Updated March 2026
Trading UK Oil (Brent) on Hantec Trader: Complete Guide
Typical UK Oil (Brent) trading conditions on Hantec Trader. All specs are indicative — verify current terms on Hantec Trader's official website before trading.
UK Oil (Brent) Specs on Hantec Trader
Typical values only. Actual spreads widen during news events and low-liquidity periods. Commission shown per standard lot.
Hantec Trader Account Rules (Quick Reference)
Position Sizing Guide for UK Oil (Brent)
Position sizes below use 1% risk per trade with a 10-pip stop loss. Daily limit shows the maximum loss Hantec Trader allows per day (5% of account).
Pip value used: $10/lot. Assumes standard lot contract size. Actual P&L varies with entry price.
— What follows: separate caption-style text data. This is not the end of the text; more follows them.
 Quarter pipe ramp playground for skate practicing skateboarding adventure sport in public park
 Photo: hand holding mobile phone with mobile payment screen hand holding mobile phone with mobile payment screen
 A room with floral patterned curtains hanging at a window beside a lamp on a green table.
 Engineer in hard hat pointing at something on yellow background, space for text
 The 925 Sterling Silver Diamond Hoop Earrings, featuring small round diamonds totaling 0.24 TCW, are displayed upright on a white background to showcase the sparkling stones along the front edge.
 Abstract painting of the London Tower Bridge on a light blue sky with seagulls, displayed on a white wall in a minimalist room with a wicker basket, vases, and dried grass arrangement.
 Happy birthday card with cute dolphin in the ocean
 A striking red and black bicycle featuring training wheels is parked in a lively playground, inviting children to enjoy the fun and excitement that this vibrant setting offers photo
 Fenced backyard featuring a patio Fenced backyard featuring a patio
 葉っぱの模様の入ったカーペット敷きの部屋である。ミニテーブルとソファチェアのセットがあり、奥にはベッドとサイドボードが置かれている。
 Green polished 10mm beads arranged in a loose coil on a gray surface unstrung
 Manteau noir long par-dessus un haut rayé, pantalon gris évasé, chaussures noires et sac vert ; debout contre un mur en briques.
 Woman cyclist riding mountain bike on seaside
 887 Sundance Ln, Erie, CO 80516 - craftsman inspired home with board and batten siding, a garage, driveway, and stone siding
Trading UK Oil (Brent) on Hantec Trader
UK Oil (Brent) presents a compelling opportunity for prop traders on Hantec Trader, particularly given its robust daily range of 140 pips and high volatility characteristics. This instrument's movement patterns align well with the profit targets required in prop trading challenges, where capturing significant price swings can help traders reach their 10% Phase 1 target more efficiently than lower-volatility instruments. The energy market's fundamental drivers create sustained directional moves that skilled traders can capitalize on throughout the trading week. However, the high volatility that makes UK Oil attractive also demands careful consideration of Hantec Trader's risk management rules. With a 5% daily loss limit, the typical 140-pip daily range means traders need to be particularly mindful of their position sizing and stop-loss placement, as adverse moves can quickly approach risk thresholds. The 1:50 leverage offered by Hantec Trader provides substantial buying power while maintaining reasonable risk exposure, allowing traders to take meaningful positions without overleveraging their accounts. Session timing plays a crucial role when trading UK Oil on Hantec Trader's 24/5 schedule. The London session often provides the highest liquidity and tightest spreads, coinciding with European energy market activity. However, significant moves frequently occur during the New York session overlap and even during Asian hours when geopolitical developments or inventory data releases impact oil markets. Traders should be aware that the 4.7-pip typical spread can widen during low-liquidity periods or major news events, affecting entry and exit costs. Position sizing becomes critical given UK Oil's volatility and Hantec Trader's risk parameters. With the instrument's propensity for large moves, traders must calculate their lot sizes based not just on account balance but on the potential for gap moves and overnight price changes. The swap charges of -2.8 for long positions and -1.8 for short positions mean that holding overnight positions will incur costs, though these are relatively modest compared to the potential profit from significant oil price movements. Risk management extends beyond simple stop-losses with this instrument, as oil markets can experience sudden spikes or crashes based on geopolitical events, OPEC decisions, or unexpected inventory changes that may gap beyond traditional stop-loss levels.
UK Oil (Brent) Specs: Hantec Trader vs Competitors
Typical conditions across firms. Spreads are indicative and vary with market conditions.